## [INSTRUCTIONS FOR THE TASK]
Output all the data exactly. Pictures do not belong in the copy.

------------------------------------------------------------------------

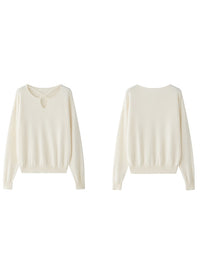 Cross-Neck Fluffy Sweater_BDHL6754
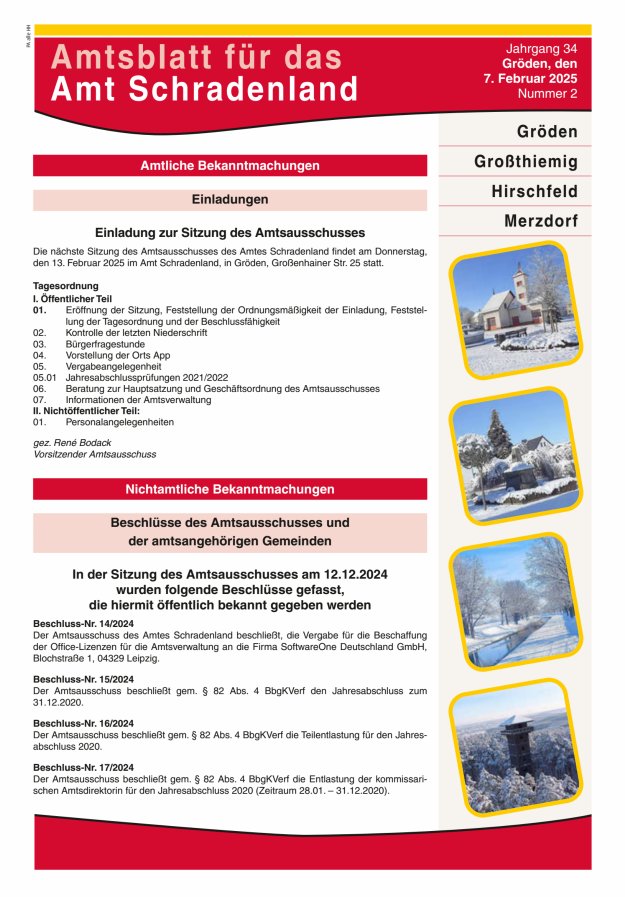 Amtsblatt für das Amt Schradenland Titelblatt 02/2025
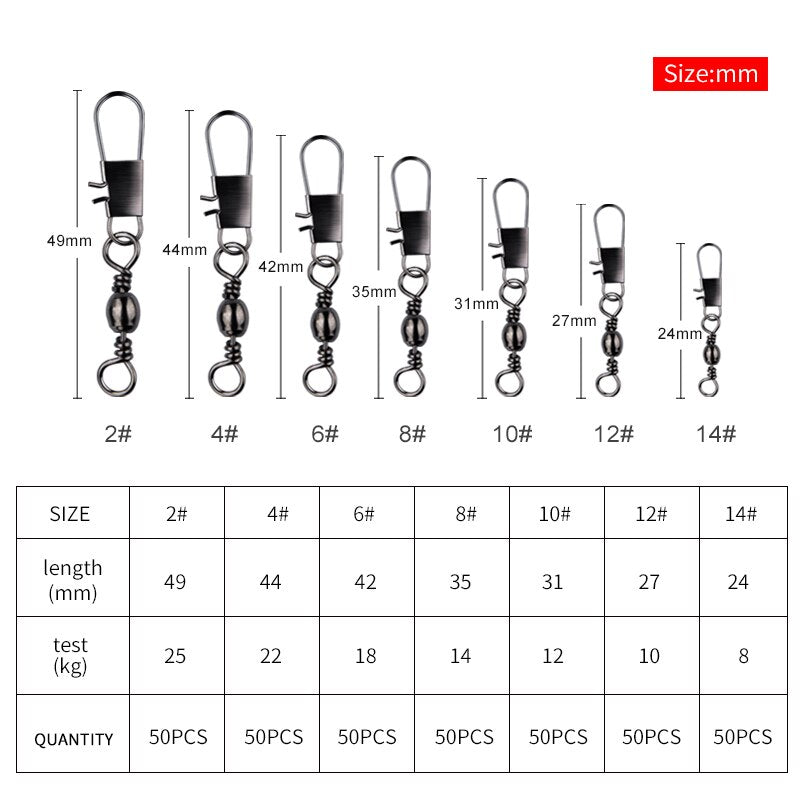 Meredith 50Pcs/Lot Fishing Connector Pin Bearing Rolling Swivel Stainless Steel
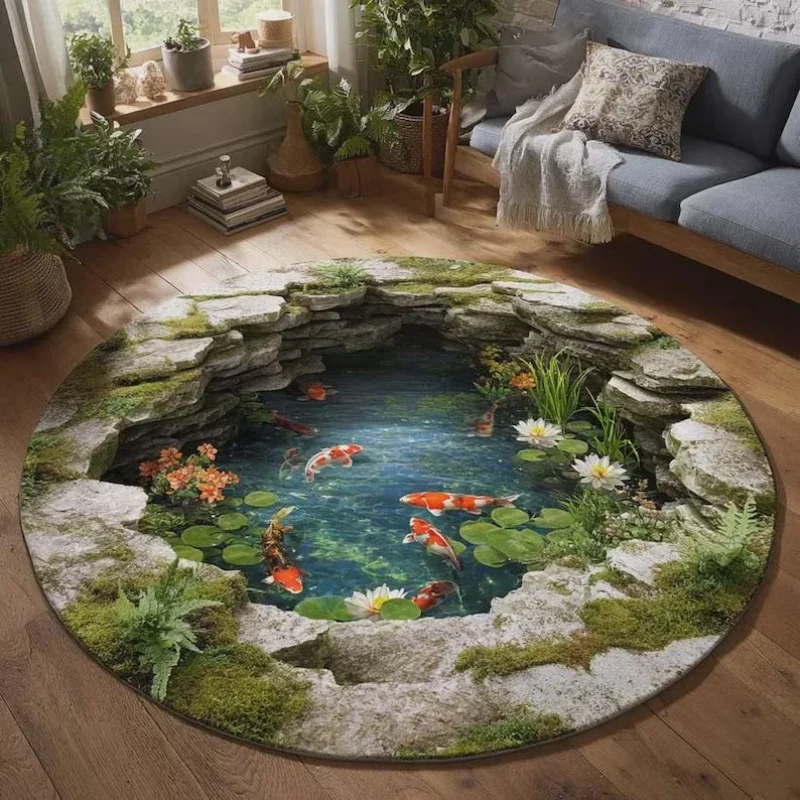 Tapis rond à motif de bassin à carpes koï 2D, antidérapant, pour salon et chambre d'été, tapis réaliste, décoration intérieure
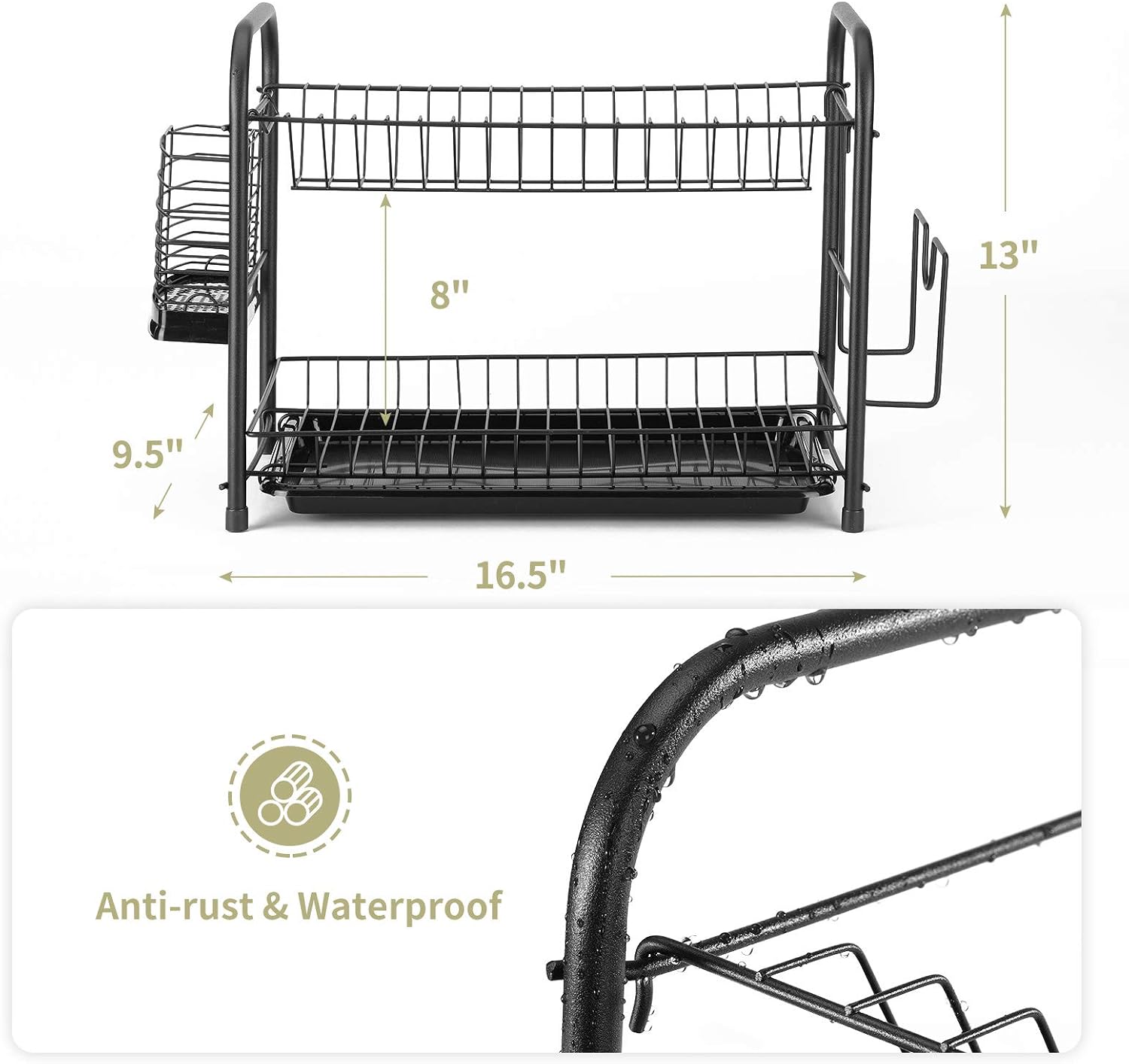 Glotoch 2 Tier Matte Black Dish Drying Rack, 2021 Upgraded Rust-Proof Dish Rack with Upgraded Base, Utensil Holder, Cutting Board Rack and Dish Draining Tray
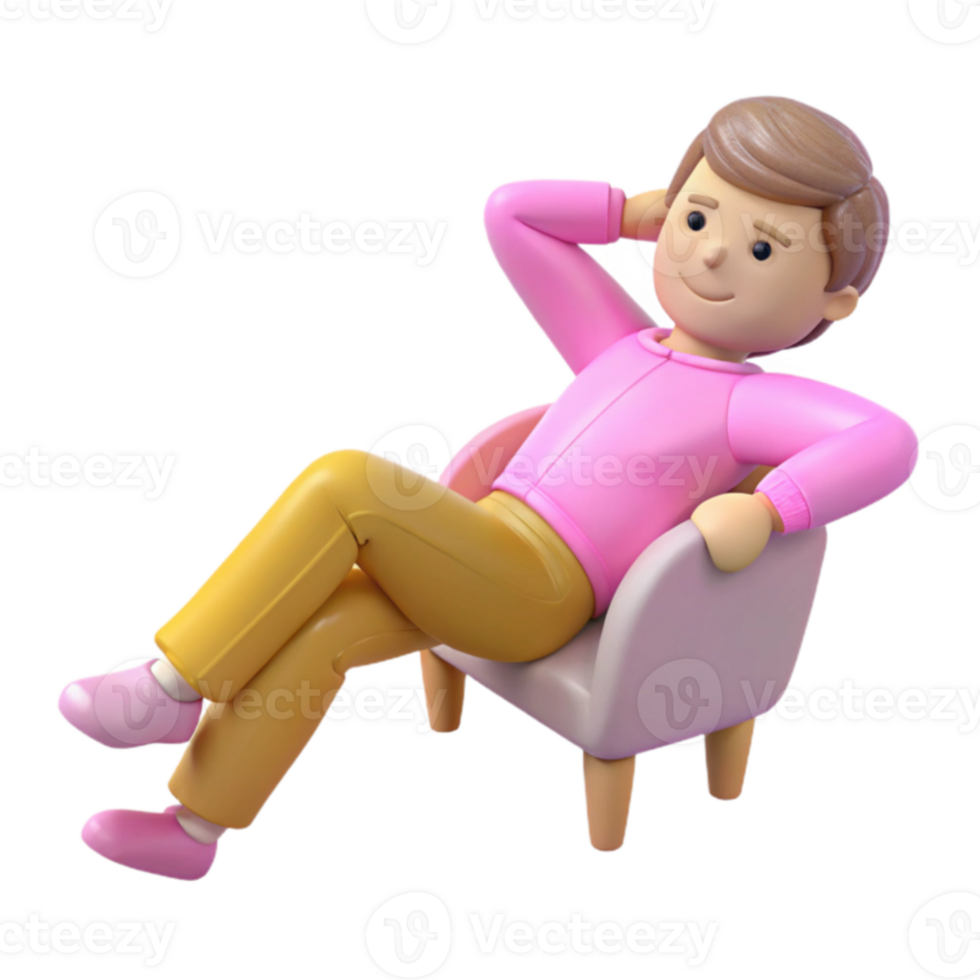 3D Rendered Cartoon Character Relaxing in a Chair png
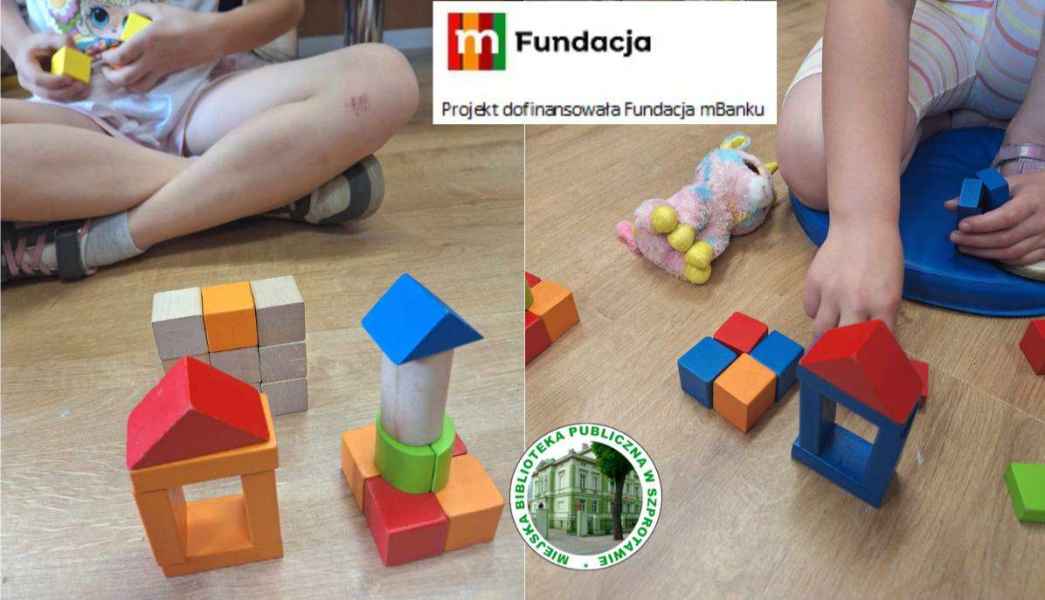 kolaż zdjęć tworzonych budowli, w tle dzieci, na górze logo mfundacji z napisem projekt dofinansowała fundacja mbanku, na dole logo biblioteki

------------------------------------------------------------------------

## [TASK RESULT]
 Cross-Neck Fluffy Sweater_BDHL6754
 Amtsblatt für das Amt Schradenland Titelblatt 02/2025
 Meredith 50Pcs/Lot Fishing Connector Pin Bearing Rolling Swivel Stainless Steel
 Tapis rond à motif de bassin à carpes koï 2D, antidérapant, pour salon et chambre d'été, tapis réaliste, décoration intérieure
 Glotoch 2 Tier Matte Black Dish Drying Rack, 2021 Upgraded Rust-Proof Dish Rack with Upgraded Base, Utensil Holder, Cutting Board Rack and Dish Draining Tray
 3D Rendered Cartoon Character Relaxing in a Chair png
 kolaż zdjęć tworzonych budowli, w tle dzieci, na górze logo mfundacji z napisem projekt dofinansowała fundacja mbanku, na dole logo biblioteki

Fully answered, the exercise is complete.